__Task to complete__. Go to the line holding "Mare donkey and Filly foal. - Image 1" in the entries below and write out exactly every line down to and including the line holding "Lion berbère se".

__Supplied data__.

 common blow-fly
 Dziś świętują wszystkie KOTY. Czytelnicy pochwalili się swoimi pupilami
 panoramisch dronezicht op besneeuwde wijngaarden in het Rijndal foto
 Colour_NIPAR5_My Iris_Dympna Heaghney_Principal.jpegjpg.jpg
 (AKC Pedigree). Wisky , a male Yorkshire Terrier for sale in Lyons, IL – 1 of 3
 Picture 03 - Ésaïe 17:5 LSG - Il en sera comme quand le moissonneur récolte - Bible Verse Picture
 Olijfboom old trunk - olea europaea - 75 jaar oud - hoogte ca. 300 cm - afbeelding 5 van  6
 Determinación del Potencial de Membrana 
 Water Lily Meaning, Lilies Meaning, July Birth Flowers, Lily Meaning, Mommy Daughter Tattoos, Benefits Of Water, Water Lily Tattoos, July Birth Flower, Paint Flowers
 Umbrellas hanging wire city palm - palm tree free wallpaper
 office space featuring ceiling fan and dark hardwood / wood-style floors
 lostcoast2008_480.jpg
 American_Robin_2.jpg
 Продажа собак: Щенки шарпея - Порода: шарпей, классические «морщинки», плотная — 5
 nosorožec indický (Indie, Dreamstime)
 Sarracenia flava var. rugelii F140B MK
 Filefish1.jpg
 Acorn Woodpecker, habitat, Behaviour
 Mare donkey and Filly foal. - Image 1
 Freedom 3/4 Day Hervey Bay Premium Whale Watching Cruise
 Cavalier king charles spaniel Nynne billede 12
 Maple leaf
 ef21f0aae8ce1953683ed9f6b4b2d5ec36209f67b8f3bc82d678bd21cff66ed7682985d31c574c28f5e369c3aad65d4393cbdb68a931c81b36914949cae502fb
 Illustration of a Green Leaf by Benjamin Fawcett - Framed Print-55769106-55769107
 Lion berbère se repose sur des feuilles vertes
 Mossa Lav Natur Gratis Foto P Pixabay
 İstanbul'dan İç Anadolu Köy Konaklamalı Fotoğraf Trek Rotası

__Solution to the exercise__.
 Mare donkey and Filly foal. - Image 1
 Freedom 3/4 Day Hervey Bay Premium Whale Watching Cruise
 Cavalier king charles spaniel Nynne billede 12
 Maple leaf
 ef21f0aae8ce1953683ed9f6b4b2d5ec36209f67b8f3bc82d678bd21cff66ed7682985d31c574c28f5e369c3aad65d4393cbdb68a931c81b36914949cae502fb
 Illustration of a Green Leaf by Benjamin Fawcett - Framed Print-55769106-55769107
 Lion berbère se repose sur des feuilles vertes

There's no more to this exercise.